Re: FYI: I-D ACTION:draft-dusseault-http-patch-02.txt from Lisa Dusseault on 2004-05-21 (ietf-http-wg@w3.org from April to June 2004)

From: Lisa Dusseault <lisa@osafoundation.org>
Date: Fri, 21 May 2004 12:46:48 -0700
To: Julian Reschke <julian.reschke@gmx.de>
Cc: ietf-http-wg@w3.org
Message-Id: <994F498A-AB5F-11D8-8F35-000A95B2BB72@osafoundation.org>
On May 21, 2004, at 3:14 AM, Julian Reschke wrote:

> Comments on the latest draft:
>
> >    Note that byte ranges are already used in HTTP to do partial
> >    downloads (GET method).  However, they are not defined for 
> uploads,
> >    and there are some missing pieces for uploads.  For example, the 
> HTTP
> >    specification has no way for the server to send errors if the byte
> >    range in a PUT is invalid.  Byte ranges (or some other kind of 
> range)
>
> The server could always send a 4xx status code. Am I missing something?

Yes, the server could, but HTTP doesn't define this as a way to respond 
to partial upload requests, so clients might find it hard to 
interoperate well.  Anyway I think it's moot, unless we decide to 
design a partial upload request standard based around byte-range 
headers -- I think sending a diff is far preferable since diff formats 
are already well understood, used in HTTP, and more powerful.

>
> >    This standard defines the new method PATCH to alter a single 
> existing
> >    resource, in place, by applying a delta or diff file.  The 
> operation
> >    is atomic.  Note that WebDAV MOVE and COPY requests, if supported 
> by
> >    the HTTP server, can be useful to rename or copy a different 
> resource
> >    before applying PATCH.
>
> I'm not sure how this is supposed to work. It may be an interesting 
> feature, but to fully define it, the spec will need to say more about 
> that topic (I personally feel that overloading COPY and/or MOVE with 
> content modification operations would be a bad idea...).

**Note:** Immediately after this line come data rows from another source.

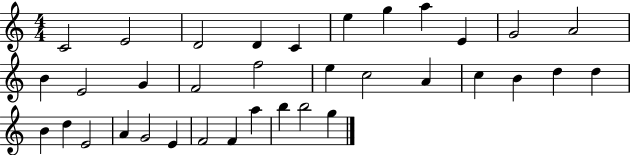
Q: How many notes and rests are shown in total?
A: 35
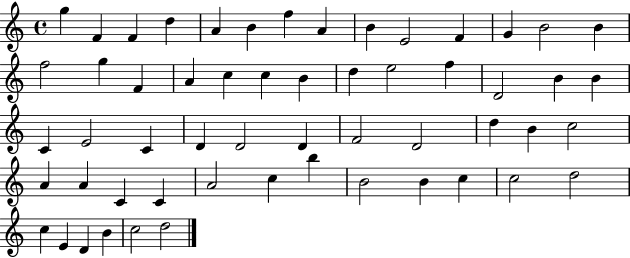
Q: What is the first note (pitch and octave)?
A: G5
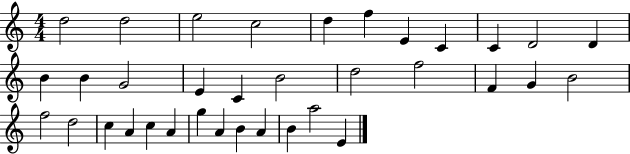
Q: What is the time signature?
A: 4/4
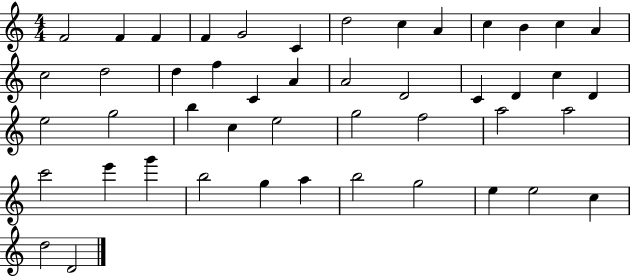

This is just pointing out that COPY and MOVE are useful -- this doesn't 
overload them or even explain how this works.  COPY and MOVE are fully 
defined in RFC2518 and are independent from PATCH.  The reason these 
are mentioned, is because somebody asked if PATCH could be used to get 
the source from one URL, but place the result in another URL -- and 
COPY or MOVE combined with PATCH can achieve nearly the same thing 
without any new specification required.  I will however try to make the 
text a little clearer in that MOVE and COPY can be used as is, 
independently of the PATCH proposal, to rename or copy an entity before 
applying PATCH to it.

>
> > 2.  Mechanisms
> >
> > 2.1  PATCH Method
> >
> >    The PATCH method requests that the request body (a patch 
> document) be
> >    applied to the resource named in the Request-URI.  The resource 
> named
> >    in the Request-URI MUST already exist (the server MUST NOT create 
> a
> >    new resource with the body of the PATCH method).  The target
>
> If one of the use cases for PATCH is creating sparse resources, it 
> would make sense to allow PATCH to create new resources.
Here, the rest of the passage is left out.